All his chapters – or poetic vignettes – are like expressions of the lover speaking from a heart saturated with over twenty-five years spent in the sensual, erotic bower of his beloved canyon. It is a place of cool breezes and laughing waters, thick and luxuriant with a backdrop of forest and stately cliffs rising to lofty crags and pinnacles. Cool boulders of bold design dotted with hardy cacti lie among fallen limbs in and among sand washed down with Autumn thundershowers. “I’m excited,” says Wolf. And having walked the sacred canyon myself, I understand and share that excitement.
Of course, the American Southwest has no monopoly on beauty. Equally, there may be the loveliness of a potted plant, hedgerows of campions interspersed with the withering bluebell blossoms past their prime and forming seed. The joyfully sounding song of the robin shortly before his summer silence or the melodious notes of the blackbird taking a short break from the relentless task of feeding her young; all are equal parts of Gaia. As Wolf puts it, “the interpenetration and interrelationship of all her sacred parts.”
Interwoven with the affirmations of joyful communion with Gaia are several invigorating themes. I’ll just touch on a few. Earthen Spirituality promises no transcendent answer or creed. Where is it that we think we might go? The Tao is within, not out there somewhere. There is no need to look further than our Earthly home for sustenance. In my own words: let us wholly immerse ourselves in the love and beauty of Gaia and let Gaia, who is better equipped, deal with cosmic consciousness. Our connection to the cosmos must come through Gaia. We, as earthling animals, simply don’t have the sensors to deal directly with galactic spirit. And why should we be concerned? Can we not be satisfied with being Earthlings?
Wolf says, “Earth is a spirit-embodied being, sexually charged and reproductive, but also sensitive and vulnerable. In this way our playmate, partner, and lover.”
In Chapter 11, there is a fairly detailed ‘Anatomy of a Quest’ as guided by the residents of the Earthen Spirituality Project in the magical Gila Mountains of New Mexico, USA, once the abode of the Mogollon (‘Sweet Medicine’) people.
A major part of the New Nature Spirituality involves “recreating a practice that is true to our mixed heritage and found homes, true to the current needs of self and earth in these contemporary times.” Avoiding ‘cultural appropriation’, we need authentic rituals that reflect our new understanding of Gaia, (what I call ‘rituals of uncertainty’). These must be pulled from the heart and shared. Early on, in Chapter 2, there is a ‘sweet medicine query,’ a preparatory rite of passage into the book. This mental preparation seems to parallel the two mile walk into the canyon, where the visitor must cross the usually calf deep river seven times.

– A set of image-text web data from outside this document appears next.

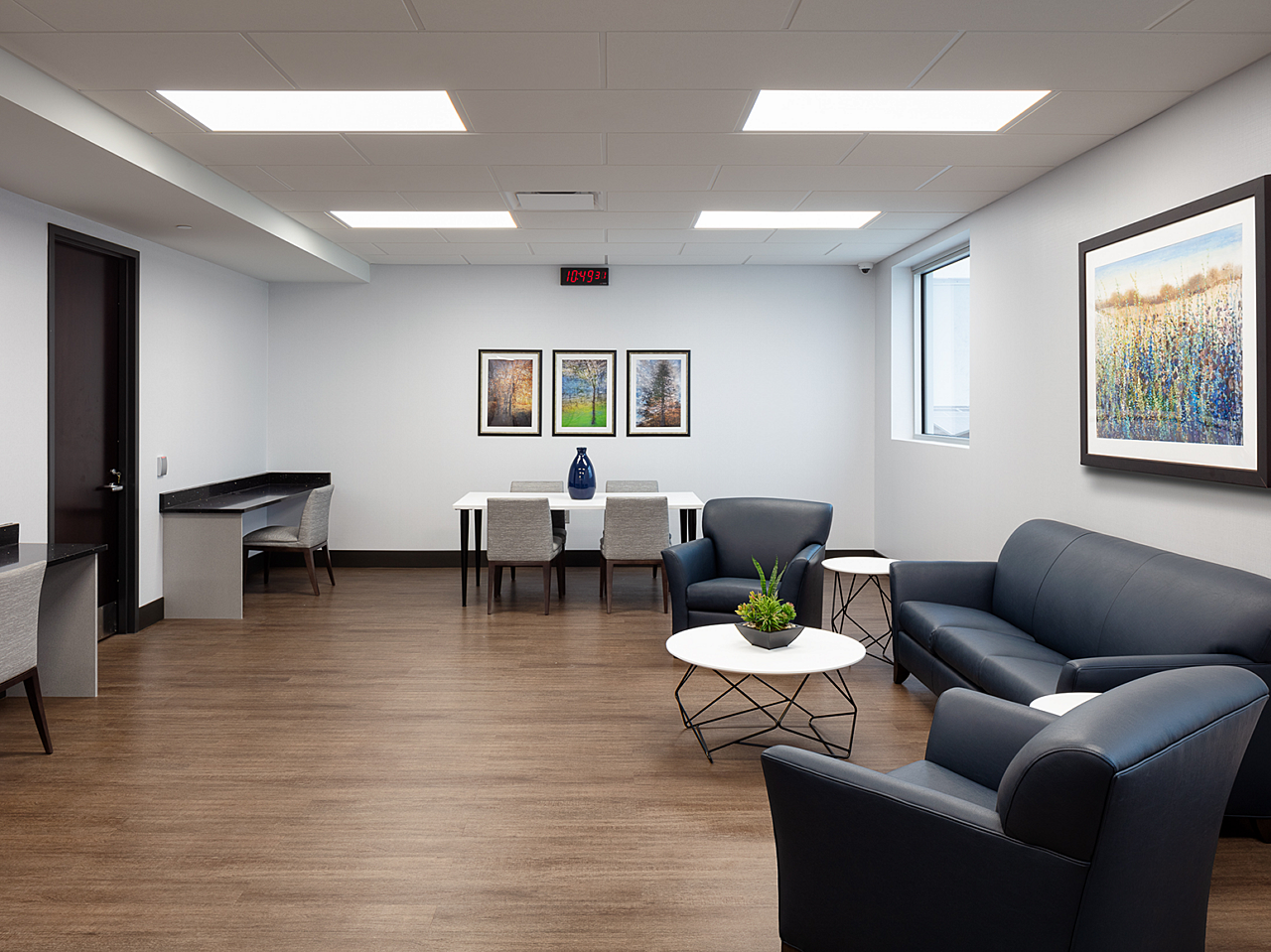 Dr Vince Clinical Research-patient lounge with blue leather couch/armchairs, coffee & side tables w/ plant and 4-person table. Counter workstations/chair
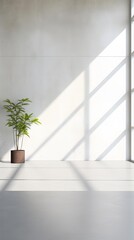 a plant in a pot on a ledge in front of a wall with a large window to the right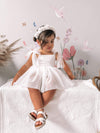 Harper ivory baby flower girl romper dress is worn by a young girl.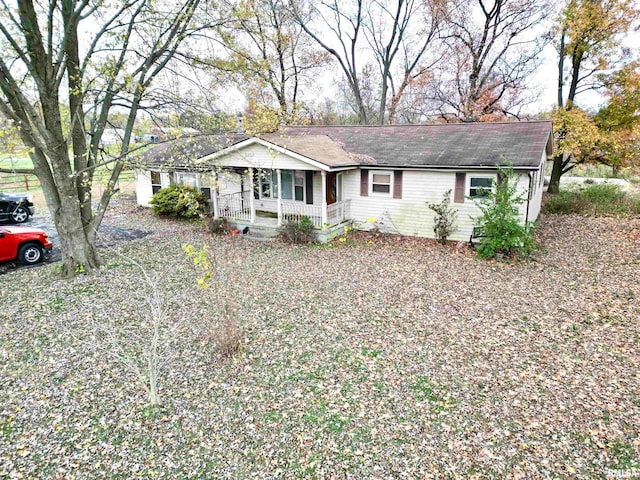 single story home with covered porch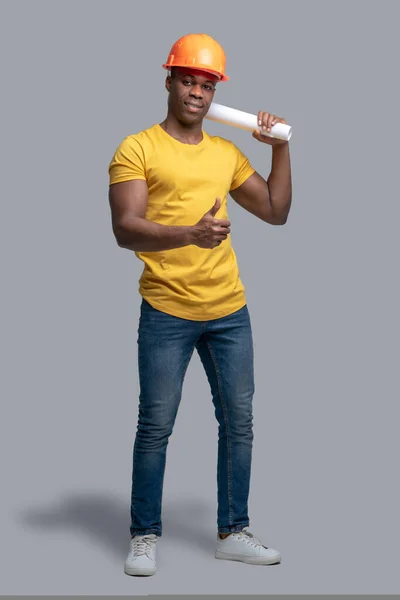 A dark-skinned construction engineer in a protective hemlet looking confident — Stock Photo, Image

Some other charming chapters feature such things as ‘Mulberry Truths’ – a collection of affirmations and truths from Nature’s storehouse, and ‘Lessons of the Furry Buddhas’ – things the author has learned from bobcats, such as: “Anytime you’re not actively being pursued, don’t bother being afraid“. Then there is Wolf’s ‘Ode to Wilderness’, an impassioned testimony rather than reasoned argument. In Gaia Eros one also finds a detailed example of restoring and resacramenting land, beautiful suggestions for reclaiming the ever present ‘now’ and several interviews which help the reader to be come better acquainted with the author. These and others are all illustrated with Wolf’s art.
In a culture that is currently threatening to bring about “the end of Nature”, Gaia Eros is a Song of Songs, an inspirited beacon piercing through the darkness.